Member of Parliament
- In office 1967–1972
- Constituency: Mathurapur

Member of Legislative Assembly
- In office 1972–1977
- Constituency: Sonarpur

Personal details
- Born: 28 September 1910 Vill. Andaria, South 24 Parganas (then 24 Parganas)
- Died: 29 August 1997 (aged 86) Calcutta, West Bengal, India
- Party: Communist Party of India

= Kansari Halder =

Indian politician (1910–1997)

Kansari Halder (1910–1997) was an Indian politician, belonging to the Communist Party of India. He earned fame as a leader of and for his active participation in the Tebhaga movement.

==Early life==
Born in a Poundra family, the son of Narendra Krishna Halder Jashodarani Haldar, he was born at village Andaria on 26 September 1910. He was educated at Ripon College and Bangabasi College in Kolkata. While still a student he was arrested in 1930 for his participation in the Civil Disobedience Movement. He remained with the Congress till 1941, when he joined the Communist Party of India.

==Tebhaga movement==
Kansari Halder provided leadership to the peasant movement that developed in the 1940s in Kakdwip-Sundarbans area of 24 Parganas and later became well known as the Tebhaga movement. Many people were killed in police-public face-off. Although he was convicted to death sentence in the Chandanpiri case in the Kakdwip area the police could not get him as he had gone underground. In 1957, he was elected to the Lok Sabha while he was still convicted.
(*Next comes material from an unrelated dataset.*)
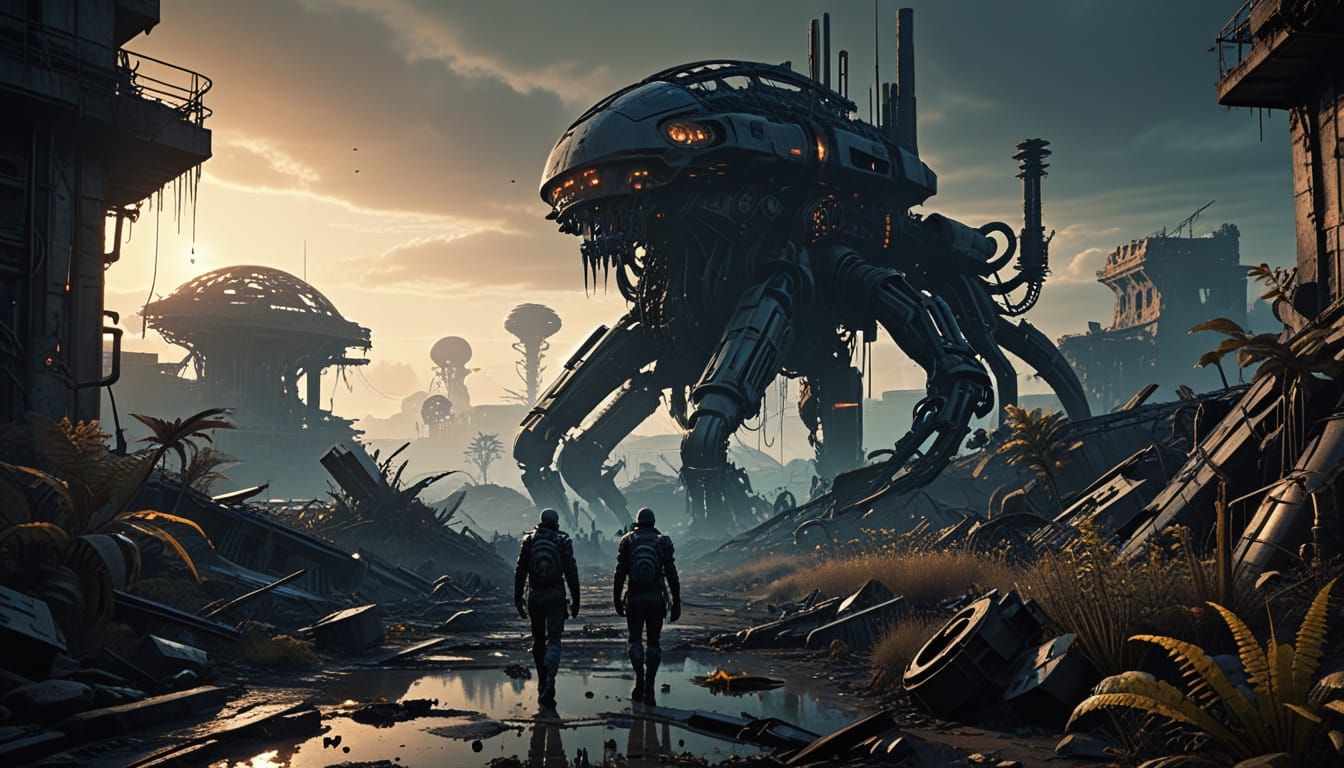 Dystopian Biomechanical Landscape in Surreal Digital Art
He was later acquitted.

==Electoral performance==
He was elected to the Lok Sabha in 1957 from Diamond Harbour, was reelected to the Lok Sabha in 1967 from Mathurapur, and was elected to the West Bengal Legislative Assembly in 1972 from Sonarpur.

==Death==
Kansari Halder spent the later years of his life in poverty. He died on 29 August 1997.